▶ _TASK INPUT_:
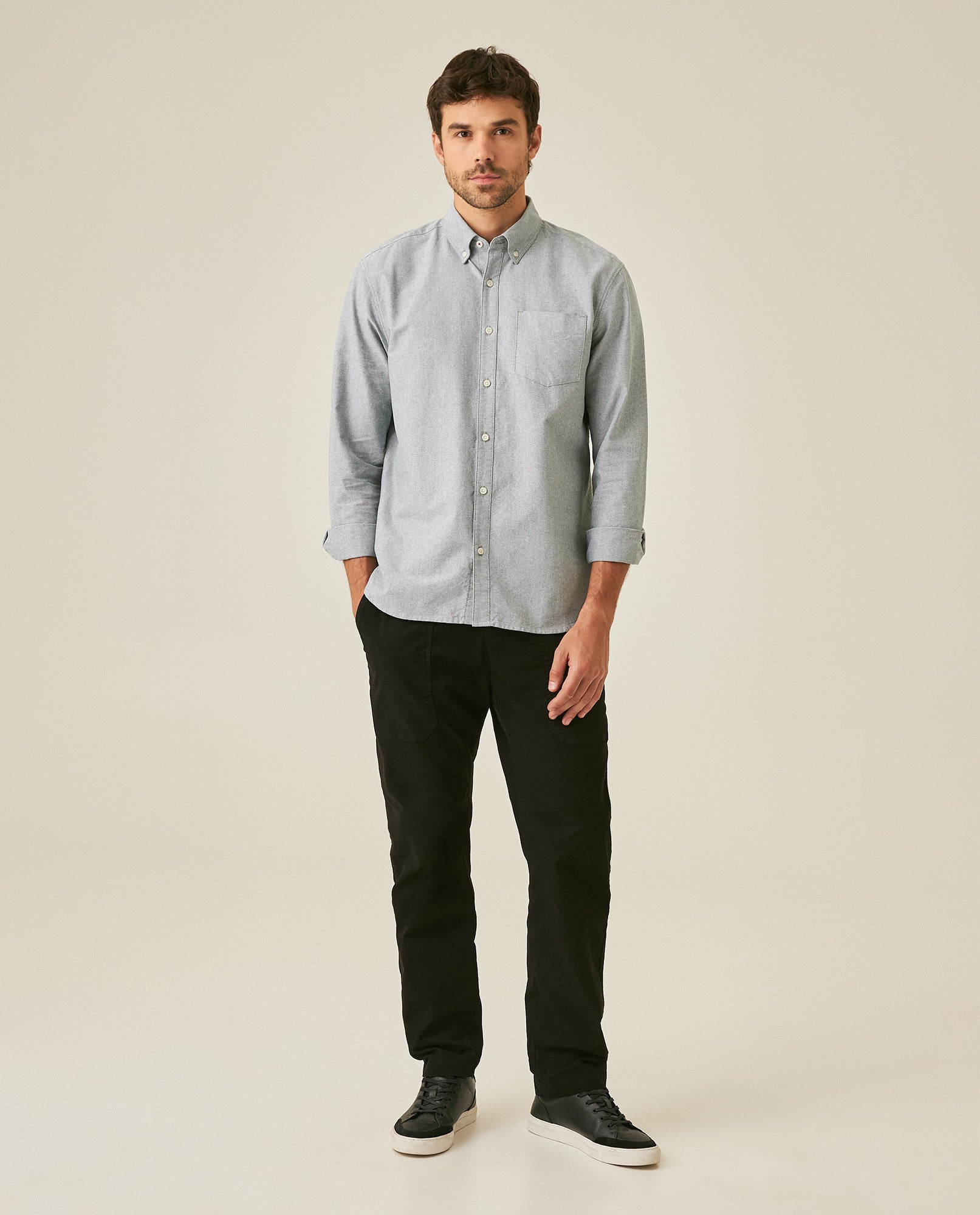 Mens Shirt Long Sleeve Regular Fit Button Down Oxford Cotton White Woven Classic Collegiate Spade Pocket - Dark Green 63_611H025_VER195406_4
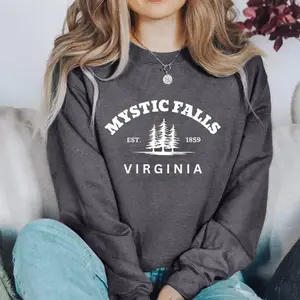 Mysterious Waterfall Sweatshirt - Vampire Diaries Round Neck, Autumn Aesthetic Sweater, Virginia Sweatshirt, Mother's Day Gift for FansRAIMENTRY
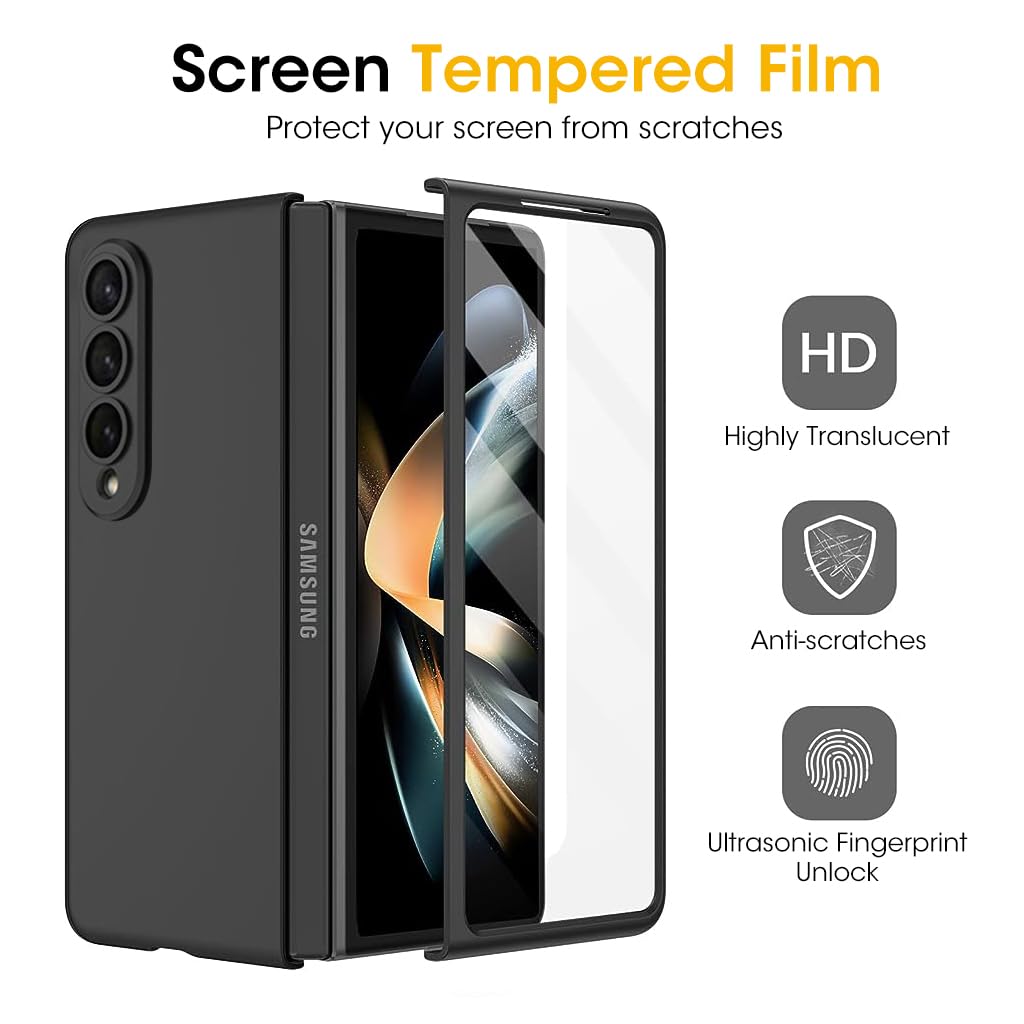 ZORBES® Phone Case Cover for Samsung Galaxy Z Fold 4 Black PC & Outer Display Protector for Samsung Galaxy Z Fold 4 Ultra-Thin Anti-Scratches Phone Screen Protector for Samsung Galaxy Z Fold 4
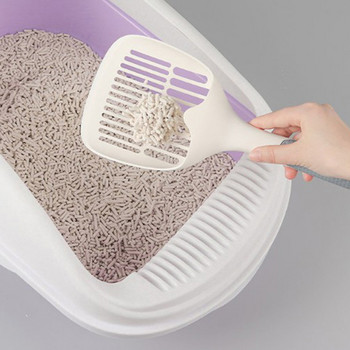 Лопатка за котешки тоалети Пластмасова издръжлива лопата за изпражнения за домашни любимци Практична лъжичка за изпражнения за домашни любимци Продукти за почистване на котешки пясък за котки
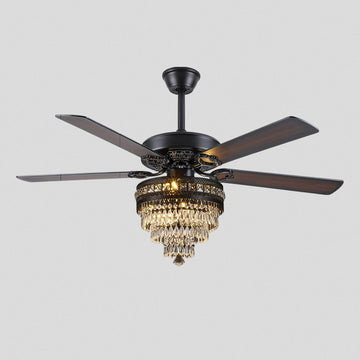 Noiseless Crystal Ceiling Fan Fandelier with Lights 52"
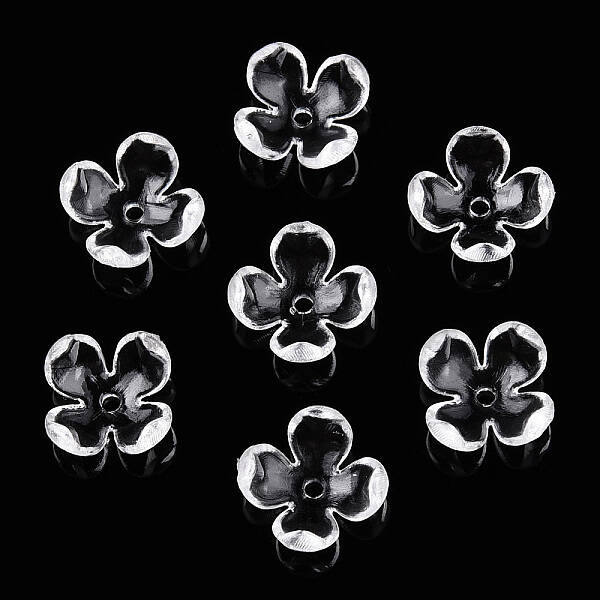 4-Petal Transparent Acrylic Bead Caps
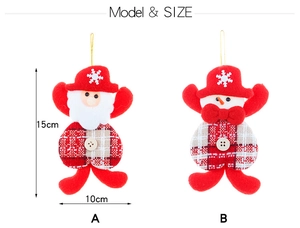 Detail showing Santa and Snowman fabric ornaments with red plush and plaid patterns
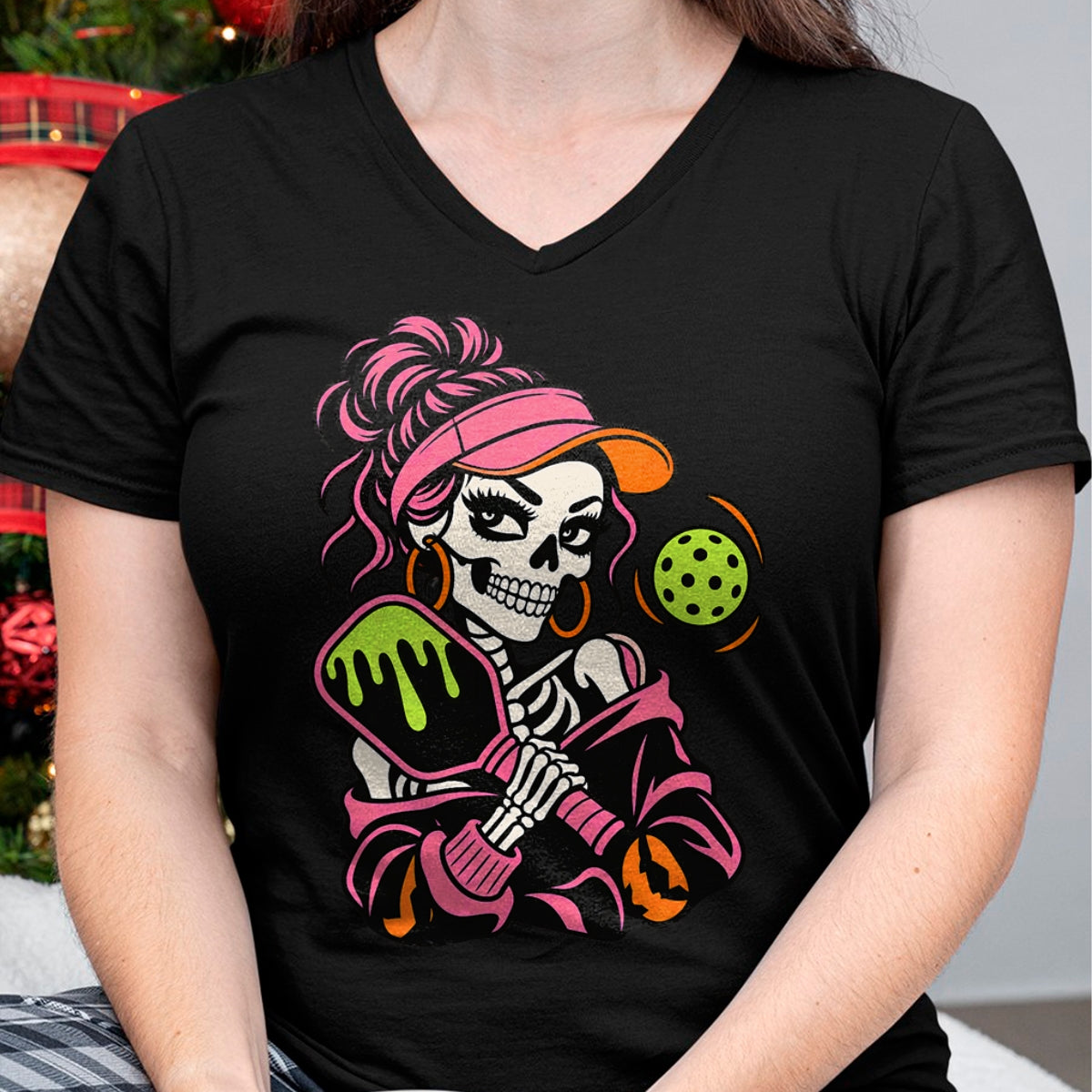 Funny Pickleball Shirt, Pickleball Lover Unisex T-Shirt/Hoodie/Sweatshirt HLT00 - Halloween Pickleball Skeleton Girls Women Halloween T-Shirt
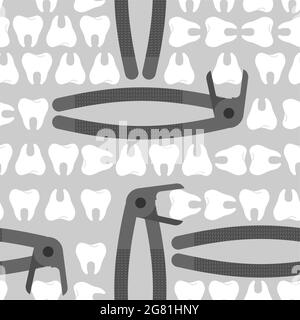 Teeth forceps and teeth pattern seamless. Dentist tool for pulling tooth background Stock Vector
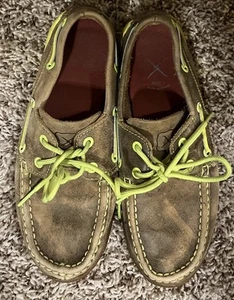 Twisted X Shoes Womens 6.5 M Driving Mocs Slip On Green/ Brown Leather - Picture 1 of 16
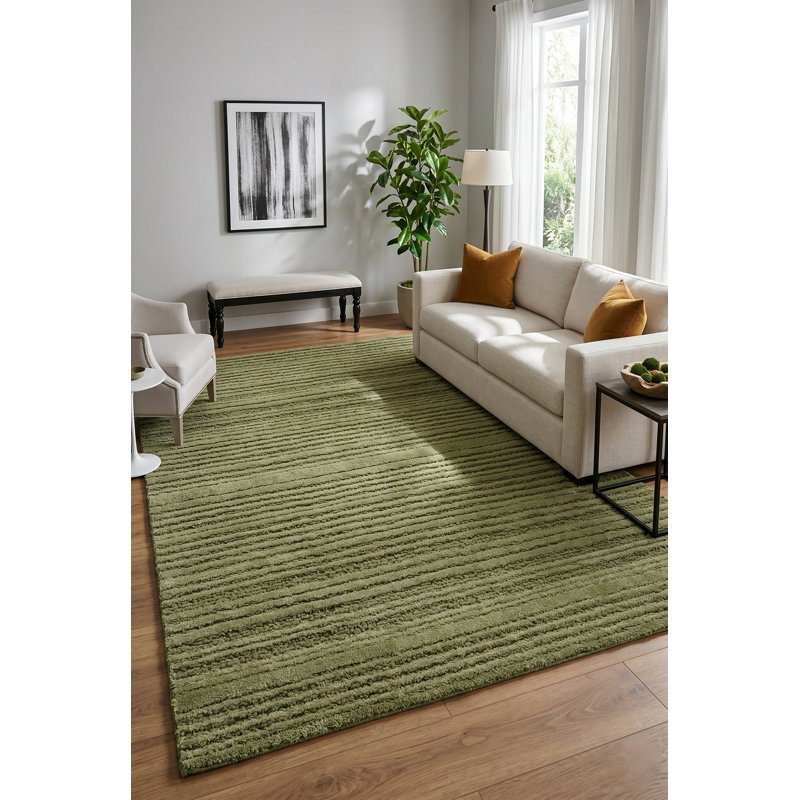 Nayash Collection Hand Tufted Area Rug, Rectangle  9 X 12 (FT), Green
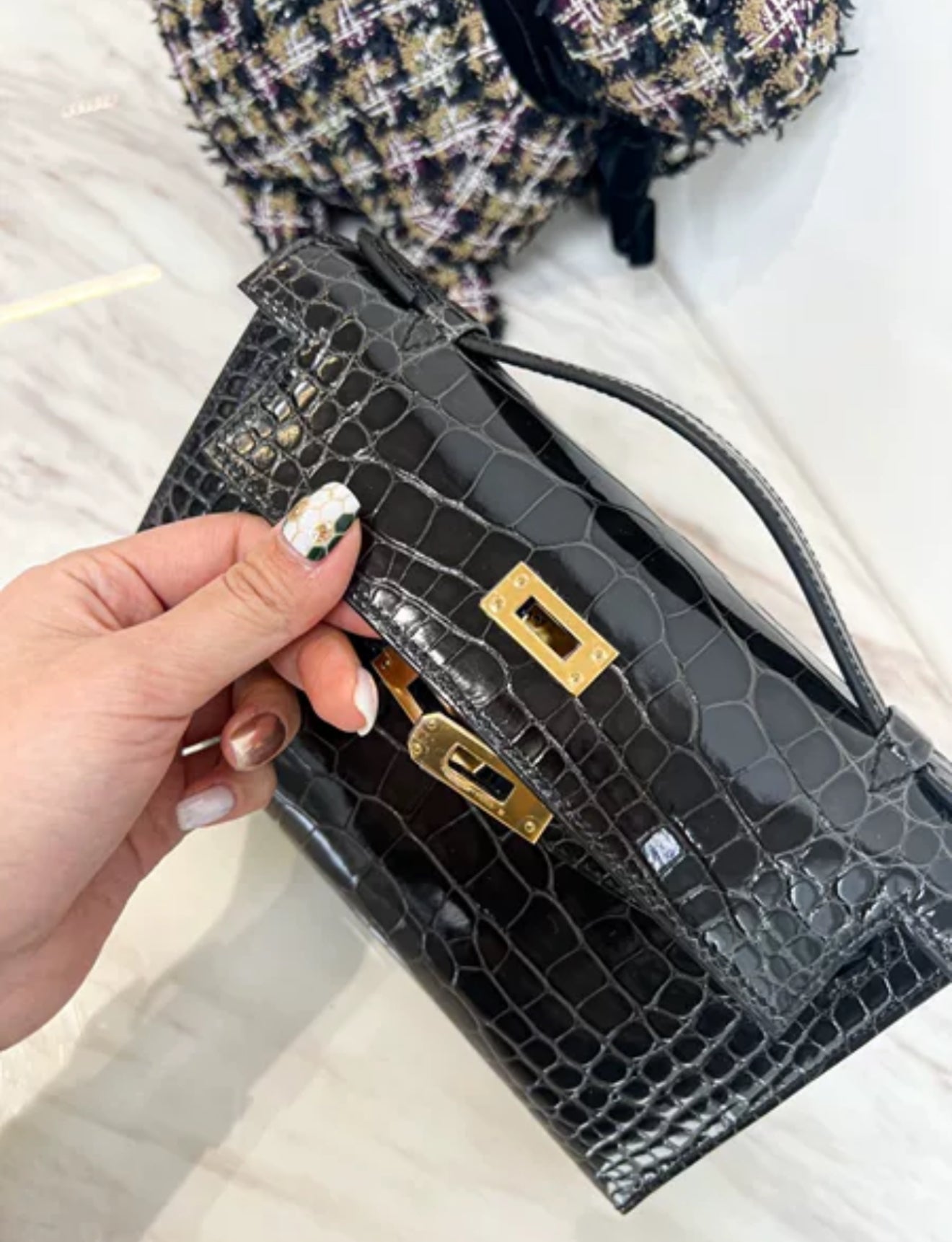 Hermès Kelly Pochette Black Shiny Alligator Gold Hardware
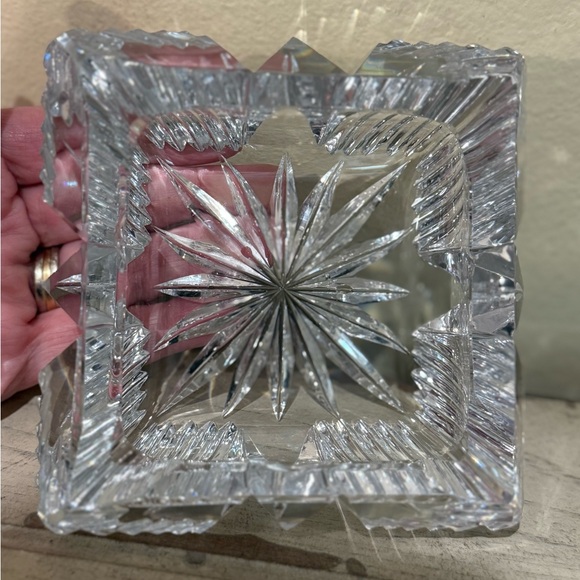Vintage MCM Square Cut Lead Crystal Glass Ashtray - Picture 1 of 7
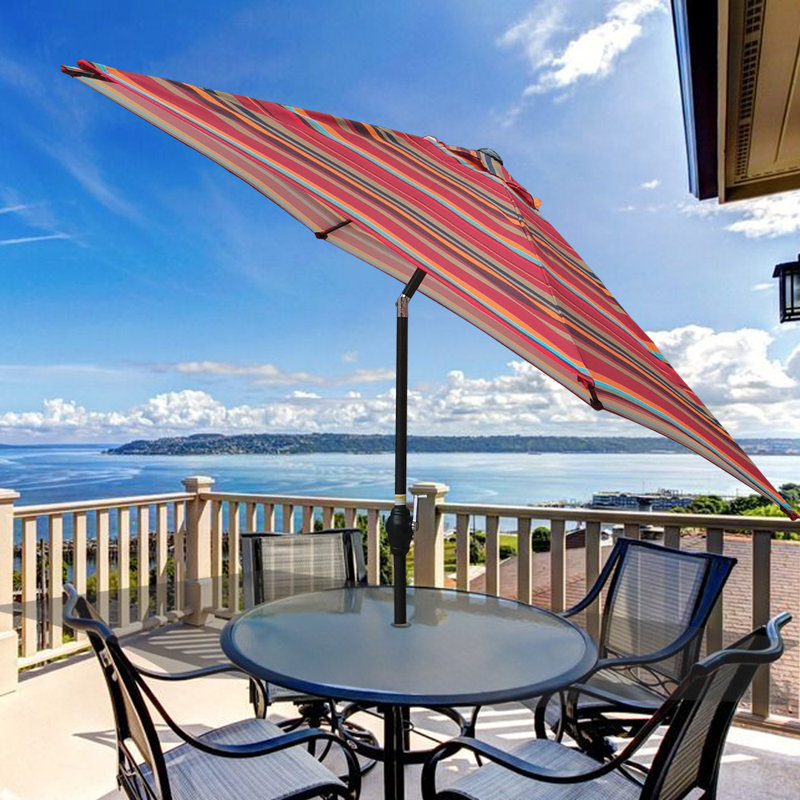 Platten 108'' Market Umbrella, Red Stripe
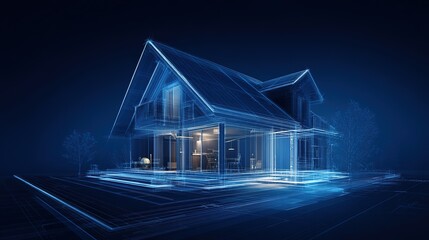 Poster - Glowing Blue Wire frame Modern House Gabled Roof Large Windows Interior Spaces Dark Background Futuristic Architecture, 32k Resolution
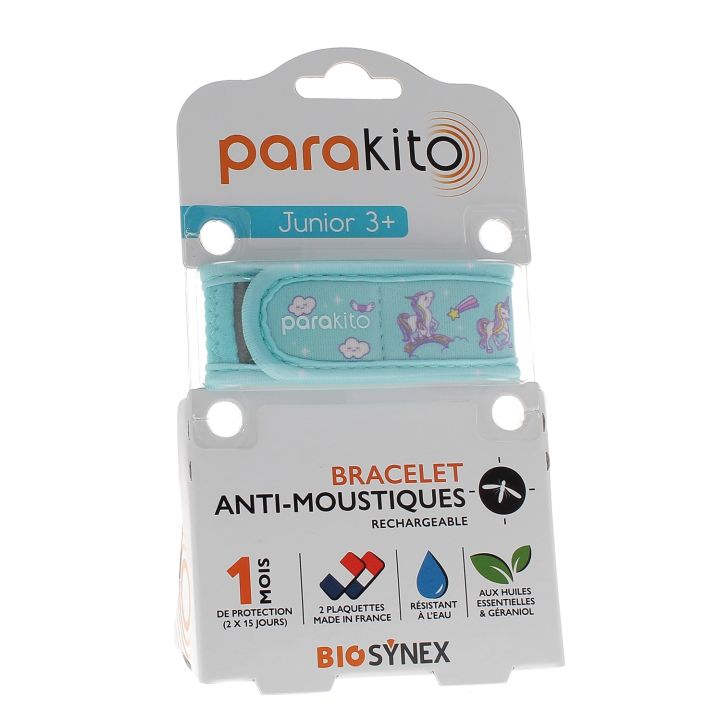 Bracelet anti-moustiques rechargeable junior Licorne Para Kito - 1 bracelet + 2 recharges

▶ _EXERCISE BRIEF_:
Please restate exactly the lines from the one containing "Detail showing Santa" down to the end of the material, both ends kept, and do not include the pictures.

▶ _SOLUTION_:
 Detail showing Santa and Snowman fabric ornaments with red plush and plaid patterns
 Funny Pickleball Shirt, Pickleball Lover Unisex T-Shirt/Hoodie/Sweatshirt HLT00 - Halloween Pickleball Skeleton Girls Women Halloween T-Shirt
 Teeth forceps and teeth pattern seamless. Dentist tool for pulling tooth background Stock Vector
 Twisted X Shoes Womens 6.5 M Driving Mocs Slip On Green/ Brown Leather - Picture 1 of 16
 Nayash Collection Hand Tufted Area Rug, Rectangle  9 X 12 (FT), Green
 Hermès Kelly Pochette Black Shiny Alligator Gold Hardware
Vintage MCM Square Cut Lead Crystal Glass Ashtray - Picture 1 of 7
 Platten 108'' Market Umbrella, Red Stripe
 Poster - Glowing Blue Wire frame Modern House Gabled Roof Large Windows Interior Spaces Dark Background Futuristic Architecture, 32k Resolution
 Bracelet anti-moustiques rechargeable junior Licorne Para Kito - 1 bracelet + 2 recharges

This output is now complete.